### Exercise brief
Of all the entries below, retype only the lines from the one with "Night, Human, Silhouette" through the one with "Piergiorgio Bucci sfiora", exactly as they appear.

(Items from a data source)
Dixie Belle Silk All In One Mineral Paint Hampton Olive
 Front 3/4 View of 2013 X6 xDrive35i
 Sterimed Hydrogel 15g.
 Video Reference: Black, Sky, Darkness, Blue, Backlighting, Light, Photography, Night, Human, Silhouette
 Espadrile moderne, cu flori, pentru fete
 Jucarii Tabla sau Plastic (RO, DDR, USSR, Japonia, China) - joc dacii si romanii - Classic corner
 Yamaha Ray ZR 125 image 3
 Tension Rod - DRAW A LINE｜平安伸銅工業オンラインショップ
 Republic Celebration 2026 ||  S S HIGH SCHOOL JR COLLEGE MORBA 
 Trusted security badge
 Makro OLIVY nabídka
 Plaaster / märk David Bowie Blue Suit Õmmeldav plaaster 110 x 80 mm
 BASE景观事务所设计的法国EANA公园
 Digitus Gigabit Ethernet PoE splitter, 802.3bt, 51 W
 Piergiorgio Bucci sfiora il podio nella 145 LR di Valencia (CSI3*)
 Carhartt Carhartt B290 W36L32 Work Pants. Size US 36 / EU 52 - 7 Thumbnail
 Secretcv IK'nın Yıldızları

### Result for this task
 Video Reference: Black, Sky, Darkness, Blue, Backlighting, Light, Photography, Night, Human, Silhouette
 Espadrile moderne, cu flori, pentru fete
 Jucarii Tabla sau Plastic (RO, DDR, USSR, Japonia, China) - joc dacii si romanii - Classic corner
 Yamaha Ray ZR 125 image 3
 Tension Rod - DRAW A LINE｜平安伸銅工業オンラインショップ
 Republic Celebration 2026 ||  S S HIGH SCHOOL JR COLLEGE MORBA 
 Trusted security badge
 Makro OLIVY nabídka
 Plaaster / märk David Bowie Blue Suit Õmmeldav plaaster 110 x 80 mm
 BASE景观事务所设计的法国EANA公园
 Digitus Gigabit Ethernet PoE splitter, 802.3bt, 51 W
 Piergiorgio Bucci sfiora il podio nella 145 LR di Valencia (CSI3*)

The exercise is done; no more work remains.